New deployment pods never being added to new target group

michael-careplanner commented 2 years ago

Describe the bug Changing an ingress group and doing a deployment rollout at the same time can cause new pods to never be registered on the new target group. This causes the readiness gate on the pod to never pass, stalling the deployment rollout. The only fix is to delete the unready pod, at which point a new one is created that gets added to the new target group as expected.

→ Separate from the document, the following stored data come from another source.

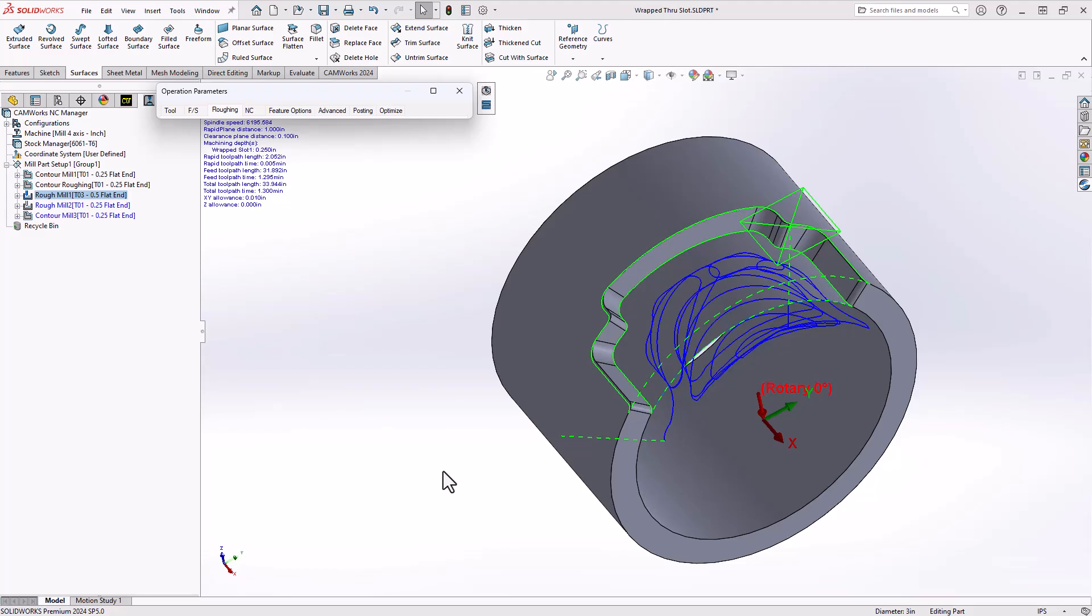A wrap through slot is really nothing more than just a combination of the fact that it's a wrapped feature and it is a through feature. I create that surface so I have something to define the walls of my slot, and now I have the same functionality, the same capability I would have with any other slot inside of CamWorks.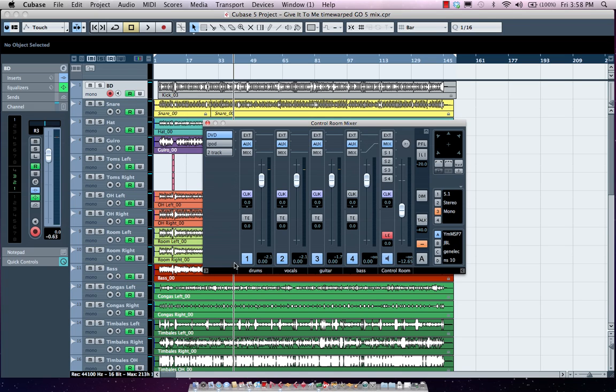Clicking in the lower left-hand corner will allow me to switch between my different external input sources. I can listen to my DVD in 5.1 or my iPod or my two-track analog tape machine.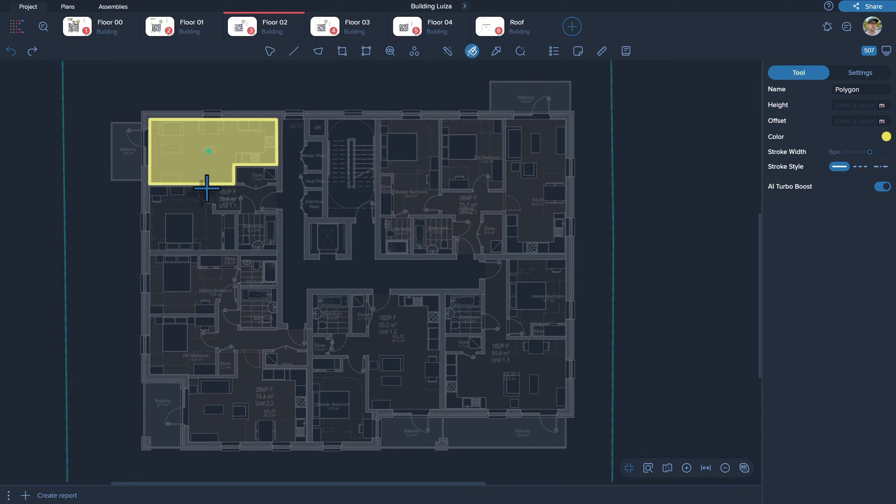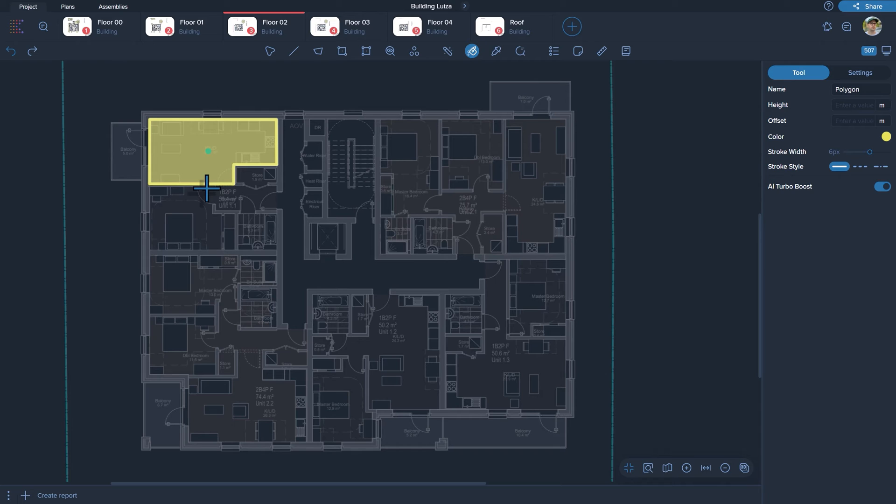Once the polygon appears on the screen and you are satisfied with the result, confirm completion by pressing the Enter key or by using the right-click context menu to select the Finish option.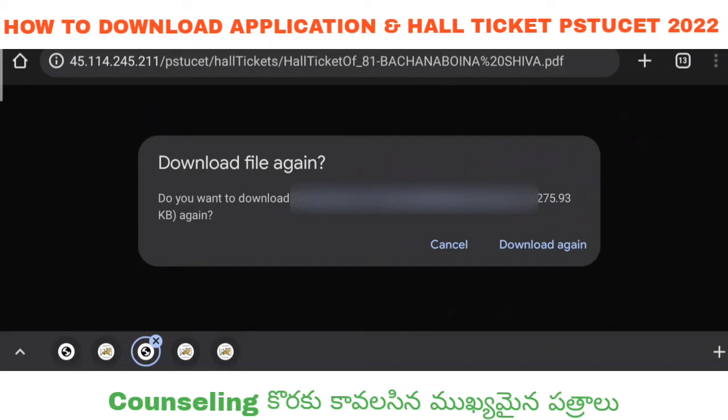If you are interested in supporting Sriramaloo Telugu Vishwa Vidya, you can click on the application and the hall ticket. You can also click on the certificate verification link.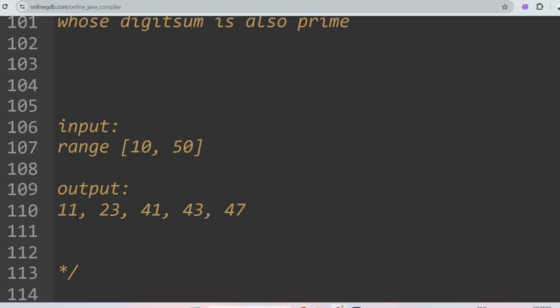For example, 11 is prime and its digit sum is 1+1=2, which is also prime, so it's included. 13 is prime but 1+3=4, which is not prime, so it's excluded. 17 has digit sum 1+7=8, not prime, excluded. But 23 has digit sum 2+3=5, which is prime, so it's included. In the range 10 to 50, the output is 11, 23, 41, 43, and 47.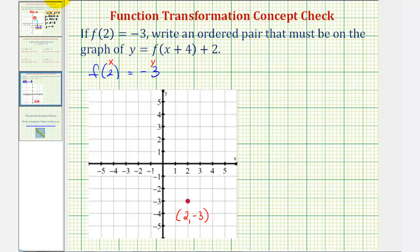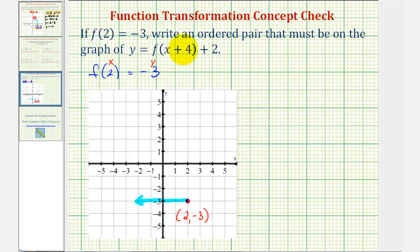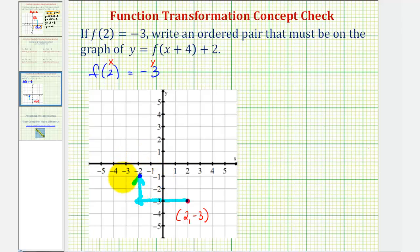By recognizing this notation, if we begin with f of the quantity x plus four, this plus four means we'd have to use smaller values of x to get the same inputs as the basic function f of x. So by adding four here, it would actually shift the point left four units. Notice when x is negative two, the input would be negative two plus four or positive two — the same input as the basic function f of x. And then this plus two on the end would add two to the function values or y-values, which would actually shift the graph up two units. So we went left four and up two, giving us the point negative two, negative one, which must be on y equals f of the quantity x plus four plus two.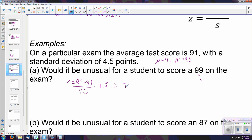That gives us 8 over 4.5, which is 1.78 when rounded to two decimal places. The determination for a data value being unusual is anything more than two standard deviations away from the mean — so a Z-score greater than 2 or less than negative 2. A Z-score of 1.78 is perfectly likely to occur, so no, this is not unusual.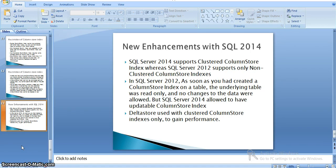These are all limitations in 2012. A table can only have a single non-clustered column store index. Once we create a non-clustered column store index, the table goes into non-updatable mode, meaning we cannot perform any DML operations on the table once it has a non-clustered column store index in SQL Server 2012.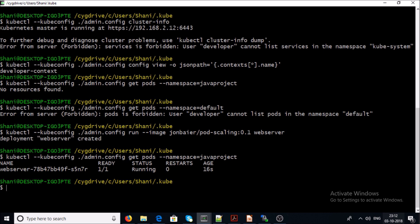We have isolated this user account from other namespaces. This is the complete demonstration of how you can create and isolate a normal user account to a specific namespace. In the coming video, I am going to demonstrate how we can provide complete access on the java-project namespace and read-only access on other namespaces in the Kubernetes dashboard. Thanks for watching, have a nice day, bye.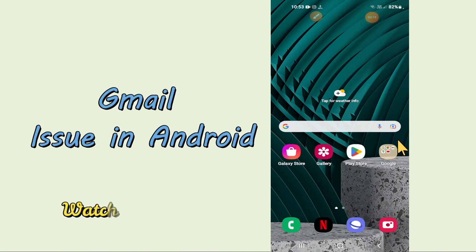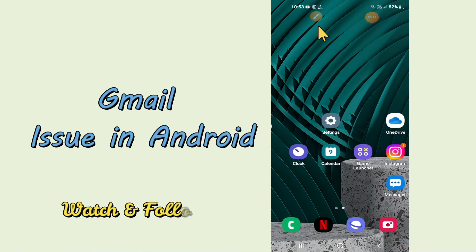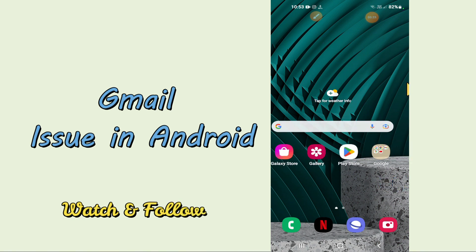In my today's video, I will be telling you how you can fix Gmail problem in any of your Android devices. So if you are having any problem related to Gmail, you can fix it by following a few steps which I will be sharing with you in my today's video.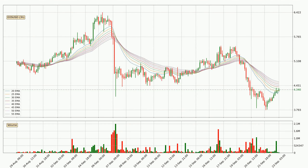Looking at the three-hourly exponential moving averages, we can see that the price is situated in the three-hourly ribbon, so it is yet to be seen if the price can break the resistance currently at around 4.55. The ribbon is relatively spread out so the resistance should be considered.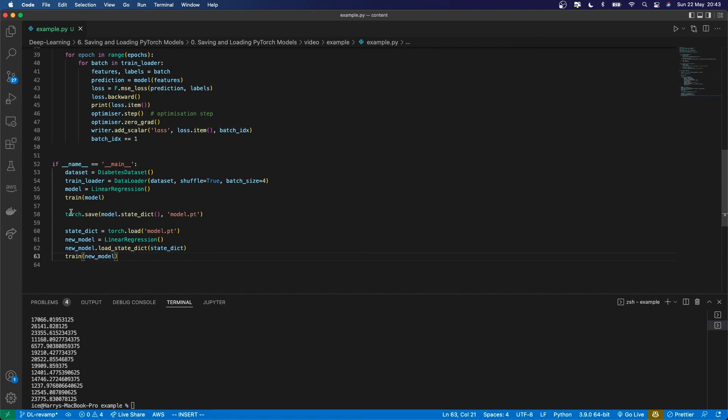These two things - saving and loading the model - are important, especially as you train bigger models which take longer to train. You don't want to lose those parameters, so make sure you can save and load them when you need.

Steps to reproduce nginx-chart.tar.gz

Above is a simple Helm chart that can be used to replicate this bug. It runs an nginx deployment with a service and ingress. To replicate, install this chart into a namespace with a elbv2.k8s.aws/pod-readiness-gate-inject: enabled annotation:

helm install nginx-chart nginx-chart/ --set group=internal --set tag=stable

Then, trigger an update of the chart, changing both the nginx image tag (to trigger a deployment rollout) and the ingress group at the same time:

helm upgrade nginx-chart nginx-chart/ --set group=external --set tag=latest

Sometimes it takes a few toggles between the group / tag to trigger the buggy behaviour, but after a few tries you should see that there is a single pod with the readiness gate at 0/1, and if you check the target group that pod's IP will not have been registered with the load balancer. This unready pod will remain indefinitely and never be registered to the target group.

Expected outcome The newly deployed pod is registered on the new target group, becomes healthy, and passes the readiness gate, allowing the deployment to complete successfully.

Environment

AWS Load Balancer controller version:
- 2.2.3
Kubernetes version:
- 1.21
Using EKS (yes/no), if so version?
- Yes. 1.21

Additional Context: I think this could be a similar race condition issue to https://github.com/kubernetes-sigs/aws-load-balancer-controller/issues/1764

Looking at the controller logs as this is happening it:

Register the newly created pod against the old target group
Deregister this pod against the old target group
Delete the old target group
Create a new target group
Never register the new pod into the new target group

kishorj commented 2 years ago

/assign @M00nF1sh

M00nF1sh commented 2 years ago

This is a similar race condition for https://github.com/kubernetes-sigs/aws-load-balancer-controller/issues/1764. It's due to the TGBs are not created when the pods are created.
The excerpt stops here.